Works great for small bevels. For bigger cuts and shaving off an edge (like for ash) try this one:

http://www.soap-making-resource.com/soap-beveler.html

They have great reviews and are still in business!!


----------



## IrishLass

paillo said:
			
		

> i've heard rave reviews about this one, but it's a little spendy. http://www.lotioncrafter.com/best-ever- ... eller.html



I have that one, but it is not a planer, just a beveler (but a very nice one, though. I found the outstanding quality of it to be worth the price). 
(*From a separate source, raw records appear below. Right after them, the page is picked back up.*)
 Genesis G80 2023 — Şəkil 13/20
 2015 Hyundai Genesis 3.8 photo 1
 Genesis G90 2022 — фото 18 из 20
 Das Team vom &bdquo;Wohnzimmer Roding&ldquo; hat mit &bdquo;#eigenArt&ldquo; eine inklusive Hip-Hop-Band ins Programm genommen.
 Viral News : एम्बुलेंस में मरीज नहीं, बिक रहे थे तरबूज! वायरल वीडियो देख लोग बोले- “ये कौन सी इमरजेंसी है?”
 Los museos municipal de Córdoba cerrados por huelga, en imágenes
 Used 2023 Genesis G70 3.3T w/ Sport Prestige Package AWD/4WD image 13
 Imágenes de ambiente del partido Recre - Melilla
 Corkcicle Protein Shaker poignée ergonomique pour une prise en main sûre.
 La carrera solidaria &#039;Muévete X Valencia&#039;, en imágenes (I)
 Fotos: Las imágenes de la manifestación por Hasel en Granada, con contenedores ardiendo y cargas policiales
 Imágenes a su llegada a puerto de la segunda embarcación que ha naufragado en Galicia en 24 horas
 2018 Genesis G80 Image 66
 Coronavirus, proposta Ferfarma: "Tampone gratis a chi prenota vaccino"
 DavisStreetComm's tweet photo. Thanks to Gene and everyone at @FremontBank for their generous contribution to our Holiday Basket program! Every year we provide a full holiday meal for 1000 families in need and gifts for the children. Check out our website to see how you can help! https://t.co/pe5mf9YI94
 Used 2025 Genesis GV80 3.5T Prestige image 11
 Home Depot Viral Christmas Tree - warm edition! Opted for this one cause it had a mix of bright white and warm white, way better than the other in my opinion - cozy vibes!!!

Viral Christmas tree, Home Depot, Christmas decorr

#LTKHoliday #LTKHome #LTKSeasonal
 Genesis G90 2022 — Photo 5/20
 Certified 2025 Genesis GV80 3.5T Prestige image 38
If you want something that planes _and_ bevels, I just recently purchased this one about a month or so ago:

http://www.soap-making-resource.com/soap-beveler.html

I was kind of hesitant to buy it at first because it's made of 100% acrylic, which means no replacement blades and no way to sharpen it (that I know of), but like you, I was having no luck finding any US suppliers that were still selling a planer or had not gone out of business, etc.., and was I getting desperate.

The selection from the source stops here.